Here, an indicator refers to a field or set of fields that indicate whether or not each record fits some criteria. These can be analyzed very simply in most data tools. For example, if you want to count how many customers have a certain product type, it’s very simple to sum a Boolean indicator of 1s and 0s in most tools (Figure 10-1).

Indicators demonstrated as 1 for yes and 0 for no
Figure 10-1. Indicators demonstrated as 1 for yes and 0 for no
In Prep Builder or Desktop, you could easily aggregate these values using either a SUM() or AVG() function to form simple summary statistics about the data set without having to build complex calculations or functions.
Logical tests to filter
Determining whether or not something meets a condition is a key part of data analytics. As mentioned, Boolean tests simply result in True/False responses, allowing you to decide how to proceed. These tests can be useful in cleaning data as well as in developing more complex logic for solving specific difficult problems. For example, using the banking data set in Figure 10-1, if we are analyzing only customers with credit cards, we can easily extract the relevant data by checking if a customer has a 1 value in the Credit Card Ind column (Figure 10-2).
Customers with Credit Cards data set
Figure 10-2. Customers with Credit Cards data set

One aspect of using Boolean data fields to be mindful of is losing the meaning of the data points. Getting a response of True/False or 1/0 might be useful to the analyst but may not be as meaningful to the user of the resulting analysis. Therefore, it’s a good idea to use an alias to describe what the Boolean data type refers to (Figure 10-3).

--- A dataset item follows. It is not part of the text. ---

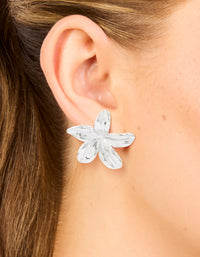 Waterproof Stainless Steel Small 5-Petal Flower Earrings - link has visual effect only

Aliasing Boolean values in Prep
Figure 10-3. Aliasing Boolean values in Prep

In Prep Builder, the Profile pane is the perfect place to change your values, but doing so would negate some of the performance benefits of Boolean values. Therefore, it is often more beneficial to save these changes for later in the flow. Simply double-clicking a value (in this case, 1) allows you to replace it with an alias, such as “Yes.” Remember to change your numeric data type from an integer to a string first, or Prep Builder will not accept the change.

Functions Featuring Boolean Logic

Many calculation functions feature Boolean logic—that is, they assess whether a value in a data field meets a condition to be output as either True or False. The following are some of the most useful.

IIF()

This is short for an “Immediate IF” function. IIF() functions are the equivalent of choosing what to output instead of just True or False when a condition is or isn’t met.

Here’s how to set up this calculation:

IIF(logical test, if True return this, if False return this)

The function returns the True result (second part of the function) if the logical test is met, and the False result (third part of the function) if the logical test is not met. Using an IIF() function can save a lot of typing of traditional IF statements and thus prevent keying errors. For example, an IIF() function can be very effective to assess whether sales targets have been met. Here’s how you would use it to return a value of 'Met' if sales are over 100 and 'Missed' if they are not:

IIF( [Sales] > 100 , 'Met ', 'Missed' )

contains()

This is a great function to test whether certain words, terms, or characters are present in a string. This prevents you from having to split fields up into individual words or characters in order to check whether they contain the search term. It also avoids data being converted into massively long data sets and values being duplicated.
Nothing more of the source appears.